SecRule [変数] [オペレーター] [アクション]

 ModSecurityでは複数の変数が定義されている。それぞれの変数には、外部から送られてきたリクエスト(要求)のデータが格納される。代表的な変数は以下の通り。

ModSecurityの代表的な変数

変数名 概要
REQUEST_URI クライアントからリクエストされたURIが格納される
REQUEST_HEADERS Host、Content-Type、Cookieなどリクエストに含まれるヘッダーが格納される
REQUEST_METHOD GET、POST、などリクエストのメソッドが格納される
REQUEST_BODY リクエストのボディーが格納される
REMOTE_ADDR 接続元のIPアドレスが格納される
ARGS_GET クエリーストリングが格納される

 オペレーターにはパターンマッチングのルールを記述する。変数と組み合わせて使用する。例えば「REQUEST_METHOD @contains "GET"」とすると、「HTTPリクエストのメソッドが“GET”という文字列を含む場合」という意味になる。

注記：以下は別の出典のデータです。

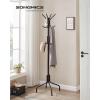 imageSONGMICS Coat Rack Freestanding Metal Coat Rack Stand with 12 Hooks and 4 Legs Holds Clothes Hats and Bags for Entryway Living Room Bedroom Brown URCR031Z01Brown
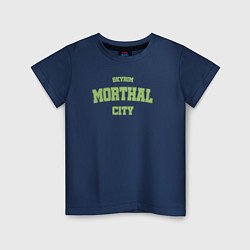Футболка хлопковая детская SKYRIM - MORTHAL CITY, цвет: тёмно-синий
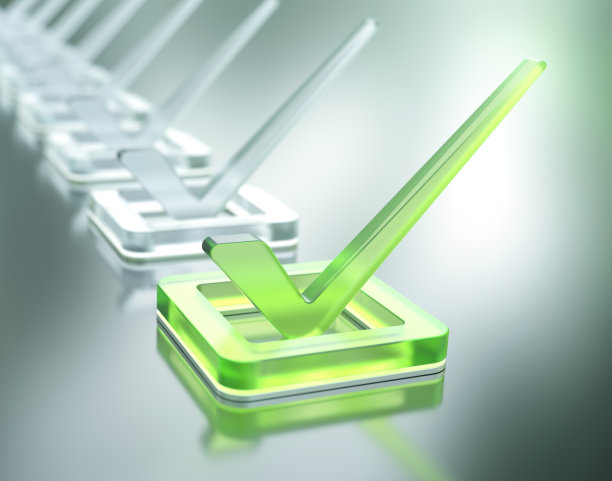 绿色玻璃检查标记图片下载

 アクションには、オペレーターによる判定が真だった場合の処理を記述する。具体的には「通信をブロックする」「ログに記録する(ロギングする)」「メッセージを出力する」などがある。

 シグネチャーを識別するための「シグネチャーID」もアクションに記述する。アクションの記述には様々なパターンが考えられるが、ここでは以下のアクションを主に使用する。

id:‘4000001',deny,auditlog,phase:2,msg:'Detected by my rule

 これは、オペレーターによる判定が真の場合に「リクエストボディーを処理するタイミングで(phase:2)」「通信を拒否してレスポンスコード403を返し(deny)」「ModSecurityの監査ログにメッセージを記録する(auditlog,msg)」ことを意味する。

シグネチャー作成のポイント

 シグネチャーの作成にはいくつかポイントがある。

ポイント1:脆弱性を突く文字列を見極める

 攻撃者が送信するリクエストの中には、攻撃者が実行したいコマンドが含まれる。そのコマンドは攻撃のたびに変わるので、マッチングに使う文字列にしても意味がない。

 例えば「リクエストに『wget』という文字列が含まれていたらブロックする」というシグネチャーでは、wget以外のコマンドを使った攻撃は防げない。

 コマンドが変わっても変わらない箇所、つまり脆弱性を突くために必要な文字列を見極める必要がある。

ポイント2:攻撃にしか使われない文字列を指定する

 サービスの正規の通信内容に含まれる文字列をシグネチャーで指定すると、問題のない通信まで遮断してしまう。

 このため該当のサービスで提供している仕様を把握して、「攻撃にしか使われない文字列」をシグネチャーに使用することが重要だ。

ポイント3:対象URLへのアクセスそのものを遮断する

 「攻撃にしか使われない文字列」がない脆弱性については、システムの可用性を一時的に犠牲にしてでも、脆弱性の影響を受けるURLへのアクセスそのものを遮断するという判断があり得る。

 例えば「CVE-2017-10271」や「CVE-2019-2725」といった、WebLogicにおけるリモートコード実行の脆弱性に対応する場合だ。この脆弱性では、正規のXMLの一部を攻撃者が実行したい内容に書き換えることで攻撃が成立する。「リクエスト中にこの文字列があれば攻撃だろう」と判断できる文字列が存在しない。